The PERSTAT was the backbone of a dozen systems we built in the battalion. It helped populate and track the quads. It also had a tool to track ALL THE THINGS: awards, evaluations, credit card debt, mandatory training, etc. There was a unified report generator for the whole battalion, set to print every report onto 8.5” by 11” pages of paper. I included a drop-down filter as well, which enabled the companies to print a report of just their issues, so they wouldn’t have to hunt among all the other companies’ data. Everything tracked by the system was never again lost. The time savings of not having to redo lost awards alone made the evenings we spent building the network worth it.

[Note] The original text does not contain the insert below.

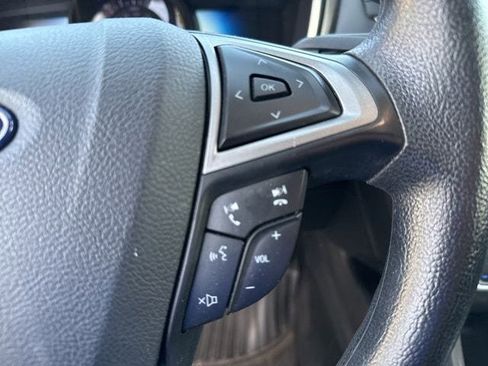 Certified 2019 Ford Fusion SE FWD image 21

It was the first time in my career I was able to see the power of interlacing systems to build a sum greater than its parts. That trick, linking data sets together, was a bonus for the battalion, and it allowed us to move faster. What I hadn’t anticipated was, in my next job, moving faster stopped being a perk, and started being essential.
The army has a lot of schools that provide additional skills, and SF has even more, such as military freefall, dive school, advanced sniper, and even regular professional development. Units have to pay the per-diem and travel costs when they send a student to these courses.
Operations and Maintenance. One of the lines of funding units in the military have, often the most flexible.
Force Modernization dollars, which are used to purchase things like new IT equipment.
This is a highly underrated skill in the Army. So much doesn’t get done bc of not understanding how much you can do.